The United States hopes to move ahead with plans to name Qatar as a major, non-NATO ally, a status that provides foreign nations with benefits in defence trade and security cooperation with Washington, a senior US official said on Thursday.
“We’re going to move ahead, we hope, with designating Qatar a major non-NATO ally,” Timothy Lenderking, the US deputy assistant secretary of state for Gulf affairs, told reporters during a conference call.
“There is a strategic alliance between the US and Qatar based on mutual respect and common interests,” Khalid bin Muhammad Al-Attiyah told the Doha-based Al-Jazeera television. This could be an aggressive move by the US to try to force the Saudi-led block to normalize relations with Qatar.
Now, Donald Trump’s son in law and senior advisor Jared Kushner, helped broker the deal over the past few weeks and flew to Saudi Arabia on Monday to witness the signing at the Gulf Cooperation Council meeting, the official said.
Kushner, 39, has developed a close relationship with Saudi Arabia’s de facto ruler Crown Prince Mohammad bin Salman, 35, and visited Riyadh in November in a bid to end the blockade.
The Trump administration has in recent months backed down from its initial support of the blockade, and taken a mediating position, due to the importance of a united Gulf of US allies to counter Iran’s growing influence in the region.
A united Gulf?
The latest summit has raised hopes of finally having a united Gulf. Will this be the case? Can the Gulf stand united in the face of major geopolitical and economic issues?
Well, this is certainly the aim of the Saudis and the Americans. The Gulf unity and the continuation and success of the Gulf Cooperation Council (GCC) are top concerns for Custodian of the Two Holy Mosques King Salman, the head of Saudi Arabia’s Shoura Council, Abdullah Al-Sheikh, said on Monday.
In a statement carried by the Saudi Press Agency Al-Sheikh also stressed that the invitation of King Salman to the GCC leaders comes amid exceptional circumstances the region is facing, which require cooperation among the member states and strong joint action.
The Shoura Council chief also praised the efforts of Crown Prince Muhammad Bin Salman, under the direction of King Salman, to strengthen the GCC and maintain its unity, security, stability, and cohesion. “The region suffers from turmoil in view of the foreign interference in the affairs of the countries of the region, threatening the close and historic relations among the member countries and their people,” he said.
King Salman put Gulf unity and continuation of Gulf Cooperation Council at the forefront of his priorities, the head of Shoura Council said on Monday. The region is facing unique challenges which require cooperation, Abdullah Al-Sheikh added in a report from state news agency SPA. Saudi Arabia reaffirmed its commitment to the unity of the GCC in December.
Since the GCC’s establishment in 1981, the Kingdom had taken a balanced approach that supported every effort and every action that contributed to achieving common goals and aspirations, a government spokesman said.

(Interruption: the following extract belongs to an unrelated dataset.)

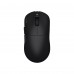 Миша бездротова Hator Quasar 3S Ultima 8K Wireless Black (HTM660)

“As the elder sister to the GCC countries, the Kingdom has sought to overcome the various obstacles, disagreements, and developments facing the work process, whether in terms of viewpoints or on the ground,” the spokesman said in a statement published by the Saudi Press Agency.
Although this is an ambitious project, and the restoration of ties with Qatar is indeed a historic moment for the Gulf, the difference in geopolitical stances between Qatar and Saudi Arabia along with the UAE remains. Qatar’s ties with Iran will be a major obstacle in any meaningful cooperation with the UAE and Saudi Arabia, who’s aim is to contain the Iranian threat. Qatar’s strong relations with Turkey may be an even larger obstacle especially in ties with the UAE who have grown increasingly hostile to Turkey and its regional policies in recent years. However, normalization will open the door to meaningful negotiations that could help mend those differences. There is nevertheless a hard road ahead.